Hay otras formas de vivir la migración y de propiciar el encuentro bastante más enriquecedoras. Confieso que he aprendido mucho de migrantes o de hijos de éstos, abnegados peleadores en Euskal Herria a favor de la justicia. El pasado 20 de marzo hubo una iniciativa que mereció escasa atención pese a estar cargada de contenido: para repudiar la xenofobia y el racismo, se celebró una marcha entre Hendaia e Irun que yo daría en llamar de la extranjeridad; la marcha evidenció que todos los vascos somos foráneos en alguna de las orillas del Bidasoa y que los migrantes lo son en ambas.
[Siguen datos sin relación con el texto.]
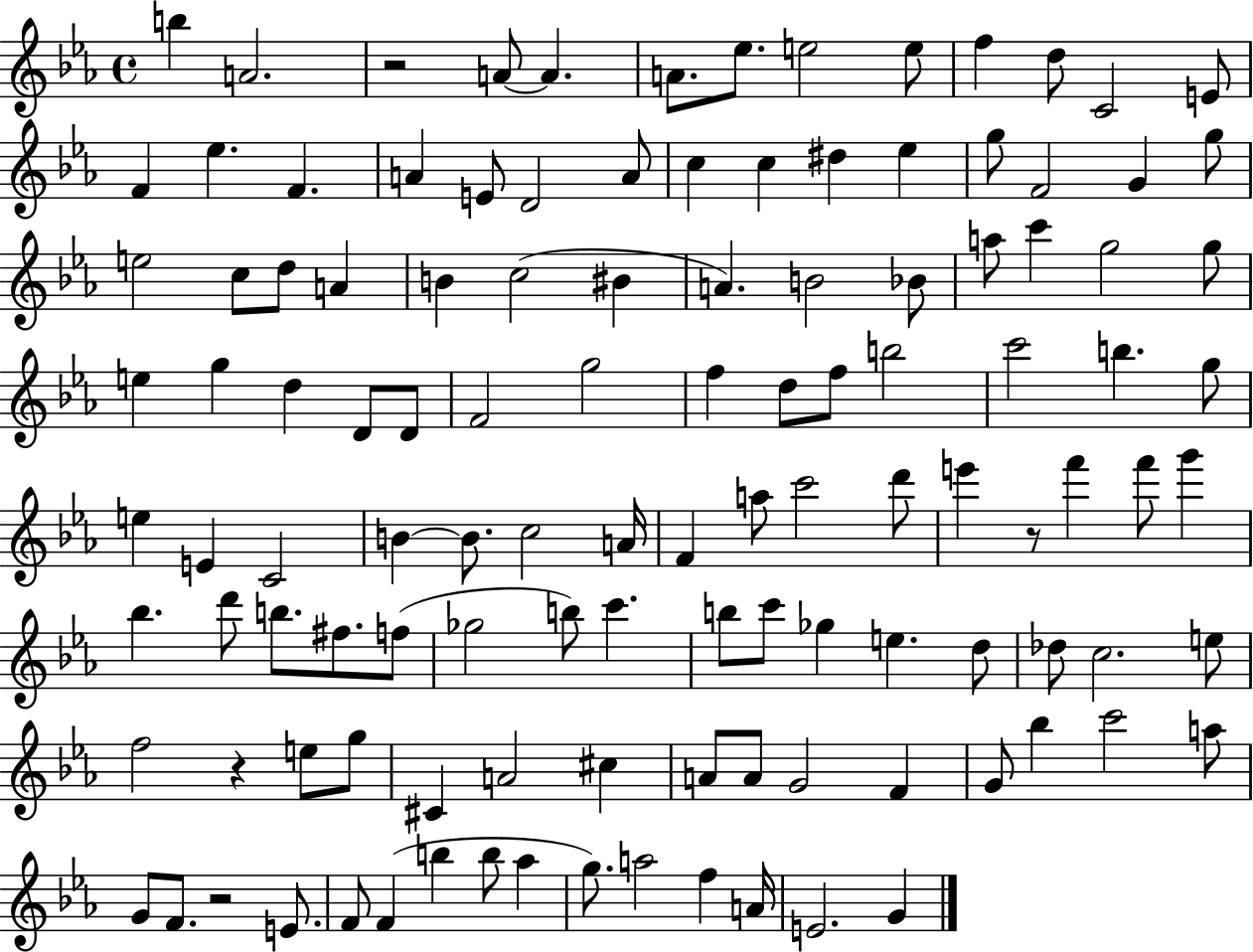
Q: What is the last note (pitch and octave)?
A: G4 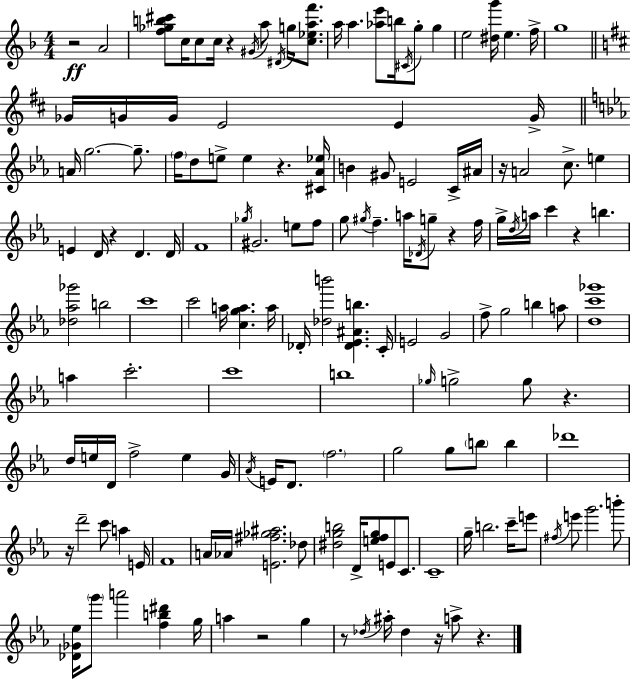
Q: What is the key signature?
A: D minor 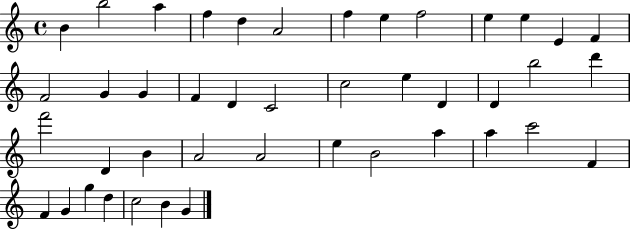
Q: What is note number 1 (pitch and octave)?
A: B4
Marcha calculadamente provocadora que se propuso borrar fronteras dando por hecho que Ipar y Hego Euskal Herria son una misma realidad nacional. Marcha integradora que congregó a un amplio espectro de activistas pertenecientes a pueblos muy diferentes.
Emigrantes y vascos se fundieron en un solo caminar plagado de reivindicaciones. Los autóctonos hicieron suyas las quejas contra los estados y sus leyes que denunciaban los emigrantes. Estos asumieron las reivindicaciones de un pueblo al que también se le niega la identidad y capacidad de decisión; su apuesta por Euskal Herria, perseguida y vapuleada, es un gesto ejemplar de internacionalismo solidario. Unos y otros -¡gozosa fraternidad de los oprimidos!- se proclamaron enemigos del capitalismo criminal, causante a un tiempo de su emigración y de nuestro sometimiento. En aquella caminata, vigorosa y alegre, no aparecieron los rastreros busca-votos. Ni puñetera falta que hacían.
Se me antoja que aquella marcha constituyó una evocación del pasado y una propuesta de futuro. En ella se resumía la experiencia vital de otros muchos migrantes que fueron bien recibidos en nuestro pueblo y que se entregaron a él con pasión de amantes. Por otro lado, intuyo que aquella mañana se escribió (¡ojalá el futuro lo confirme!) un manual de buenas prácticas. Días más tarde, Victoria Mendoza -mexicana y vasca- reseñaba un hecho alentador: «El Aberri Eguna tuvo color migrante».